Terzo nodo: il pluralismo religioso. Parlare di Bibbia in una classe dove siedono studenti cattolici, atei, musulmani, ortodossi, evangelici, agnostici significa ripensare radicalmente i metodi didattici. Non basterà cambiare il titolo dell’ora: servirà formare docenti capaci di mantenere un rigoroso equilibrio tra rispetto delle coscienze e libertà di ricerca.

Oltre la polemica: perché il tema non è solo «di Chiesa»

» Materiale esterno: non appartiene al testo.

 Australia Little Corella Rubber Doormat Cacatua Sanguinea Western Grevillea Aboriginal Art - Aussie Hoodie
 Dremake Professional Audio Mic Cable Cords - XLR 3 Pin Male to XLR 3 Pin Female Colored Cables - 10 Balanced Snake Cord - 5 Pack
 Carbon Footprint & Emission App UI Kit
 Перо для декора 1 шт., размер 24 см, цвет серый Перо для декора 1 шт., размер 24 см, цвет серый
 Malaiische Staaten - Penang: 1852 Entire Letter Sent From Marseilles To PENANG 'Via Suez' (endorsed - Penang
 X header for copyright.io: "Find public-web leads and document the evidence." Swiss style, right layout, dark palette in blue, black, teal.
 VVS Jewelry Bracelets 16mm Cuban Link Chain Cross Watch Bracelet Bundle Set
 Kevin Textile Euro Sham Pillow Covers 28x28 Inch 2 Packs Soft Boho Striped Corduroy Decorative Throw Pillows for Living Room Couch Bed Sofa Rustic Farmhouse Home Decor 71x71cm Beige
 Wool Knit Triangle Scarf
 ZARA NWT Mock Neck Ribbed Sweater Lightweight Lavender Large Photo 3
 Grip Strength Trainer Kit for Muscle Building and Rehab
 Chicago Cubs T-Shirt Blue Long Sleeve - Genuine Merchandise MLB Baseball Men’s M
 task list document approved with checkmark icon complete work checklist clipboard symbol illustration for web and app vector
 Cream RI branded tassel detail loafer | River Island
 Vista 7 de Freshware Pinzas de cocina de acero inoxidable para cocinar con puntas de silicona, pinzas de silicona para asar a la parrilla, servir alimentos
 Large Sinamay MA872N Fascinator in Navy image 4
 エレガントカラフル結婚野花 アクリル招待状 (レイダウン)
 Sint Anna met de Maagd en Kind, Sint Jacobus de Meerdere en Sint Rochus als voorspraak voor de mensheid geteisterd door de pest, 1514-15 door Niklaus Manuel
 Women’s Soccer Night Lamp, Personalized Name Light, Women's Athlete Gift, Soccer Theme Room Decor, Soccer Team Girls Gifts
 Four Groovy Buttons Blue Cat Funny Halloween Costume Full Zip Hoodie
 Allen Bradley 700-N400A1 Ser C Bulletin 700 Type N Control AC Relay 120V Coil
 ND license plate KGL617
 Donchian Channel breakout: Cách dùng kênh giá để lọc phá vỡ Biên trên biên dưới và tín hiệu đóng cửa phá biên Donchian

In fondo, la provocazione di Cacciari colpisce nel segno proprio perché non riguarda solo credenti e praticanti. Il punto è più ampio: una democrazia complessa ha bisogno di cittadini alfabetizzati anche sul piano religioso, altrimenti rischia di lasciare spazio a fanatismi, complotti, semplificazioni violente.

Sapere che i Vangeli sono quattro e non scritti da Gesù, che la Bibbia contiene linguaggi diversi, che le religioni hanno avuto un ruolo ambivalente – di oppressione e di liberazione – non è un di più per specialisti: è parte del bagaglio minimo per muoversi nel mondo contemporaneo.

Su questo terreno, al netto di simpatia o antipatia per il personaggio, il merito di Cacciari è di avere trasformato una questione tecnicamente complessa – Concordato, intese, DPR, titoli accademici – in una domanda brutale e immediata: che cosa sanno davvero i nostri studenti della Bibbia? Finché nessuno risponderà con dati, progetti e riforme, quella domanda resterà lì, scomoda, al centro del dibattito pubblico.